Yo le temí a «Dulce compañía», una novela de la autora Laura Restrepo. Y le temí por dos razones que tal vez parezcan descabelladas a los lectores más expertos. Primero, porque leí «Delirio», otro libro de la misma autora colombiana que me causó un dolor de cabeza por sus dificultades narrativas. Detesto esos libros que son difíciles a propósito. La segunda razón, y esta es la más risible, fue que tuve la impresión de que este otro libro sería lo contrario: demasiado fácil.

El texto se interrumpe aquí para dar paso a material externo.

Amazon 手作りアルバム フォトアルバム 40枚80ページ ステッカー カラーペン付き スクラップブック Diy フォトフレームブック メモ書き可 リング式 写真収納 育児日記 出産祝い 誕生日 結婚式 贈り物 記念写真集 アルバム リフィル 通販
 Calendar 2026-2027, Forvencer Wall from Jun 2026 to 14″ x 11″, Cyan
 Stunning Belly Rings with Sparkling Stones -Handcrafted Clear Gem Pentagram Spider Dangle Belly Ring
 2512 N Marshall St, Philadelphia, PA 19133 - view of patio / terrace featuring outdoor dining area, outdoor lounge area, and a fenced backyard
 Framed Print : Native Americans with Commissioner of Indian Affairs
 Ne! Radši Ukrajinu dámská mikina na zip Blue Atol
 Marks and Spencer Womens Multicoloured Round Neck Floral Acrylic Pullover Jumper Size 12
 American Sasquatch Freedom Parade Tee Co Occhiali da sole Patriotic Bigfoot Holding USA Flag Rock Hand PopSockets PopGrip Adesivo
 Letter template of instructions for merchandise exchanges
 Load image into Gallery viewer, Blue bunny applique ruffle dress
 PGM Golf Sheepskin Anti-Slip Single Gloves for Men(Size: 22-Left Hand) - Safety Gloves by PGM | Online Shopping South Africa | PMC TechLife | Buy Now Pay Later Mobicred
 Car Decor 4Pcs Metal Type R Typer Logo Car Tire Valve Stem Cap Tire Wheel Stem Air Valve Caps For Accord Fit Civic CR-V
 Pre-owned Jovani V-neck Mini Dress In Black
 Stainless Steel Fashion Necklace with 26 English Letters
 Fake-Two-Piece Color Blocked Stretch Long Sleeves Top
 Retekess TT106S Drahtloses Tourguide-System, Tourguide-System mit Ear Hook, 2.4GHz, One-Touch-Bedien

No me gustan los extremos en estos sentidos. Los escritos muy difíciles me parecen arrogantes, aunque muchas veces me ha sorprendido Jorge Luis Borges al demostrarme que la dificultad que yo esperaba en alguno de sus cuentos era imaginaria, como su narración. Los escritos muy fáciles me parecen perezosos: ese tipo de páginas que se disuelven en el aire una vez leídas y no dicen absolutamente nada que se quede con nosotros. Me gustan los libros medios, pero no mediocres, que me reten sin ser aburridos. Que se dejen leer, pero que me obliguen a confrontar los temas que proponen.

Así me acerqué a «Dulce compañía», marcado por las dudas. Y, hasta cierto punto, tenía razón: El libro es fácil, pero no simple.

Me adentré en su trama con ganas de criticarlo y terminé disfrutándolo.

Para comenzar, la novela trata de un tema que no me llamaba mucho la atención: los ángeles.

No hablo de la ciudad, sino de esos seres alados y vaporosos que son algo así como esclavos celestes. Van de un lado a otro llevando mensajes y cumpliendo encargos. Forman parte de una mitología que llega a su máxima expresión en las tierras del Caribe, donde las estatuillas y pinturas que los representan ocupan altares y sufren la indignidad de castigos si no conceden los deseos humanos. Son también seres temibles, porque algunos nos acompañan y espían siempre, nos exceden en poderes, y, uno en particular, cumplirá el cometido de cortarnos ese hilo de plata que nos une a la vida.

Además están los ángeles caídos, esos desgraciados que se parecen mucho a nosotros y usan su potestad en una especie de rebelión terrorista contra la divinidad.

En la novela, una reportera para una revista de frivolidades (¿quién más?) recibe la asignación de encontrar a un jodido ángel que, de todos los lugares del mundo a los que pudo descender, aparentemente escogió una barriada pobre de Colombia. No es un tema extraño al mapa fantástico de ese país. Está el cuento del ultraescritor colombiano Gabriel García Márquez, «Un señor muy viejo con unas alas enormes», sobre un anciano querubín que aterriza despistado en una villa de pescadores. (Recomiendo la película, por cierto, dirigida por el mismo García Márquez).

Pero pronto me doy cuenta, casi desde el principio de la novela, que no es una copia barata ni una trama perezosa para fascinar creyentes. Es la confrontación de dos mundos: el de la periodista escéptica y aquel otro que admite la posibilidad de lo sobrenatural. Es una confrontación entre la cordura y la locura, y a veces no se sabe cuál de las dos es cuál. Es un bosquejo de la identidad colombiana.

Lo mejor es que no pretende convencernos de nada.

Esta corta novela humaniza al ángel y mitifica al ser humano, tal vez por ir en sentido contrario de la creencia oficial. Porque como la narradora, que suena autobiográfica, dice: “Para creer en el ángel la Iglesia tuvo que quitarle los afectos, la carne y los huesos, y convertirlo en una fábula sosa producida por su propia invención¨.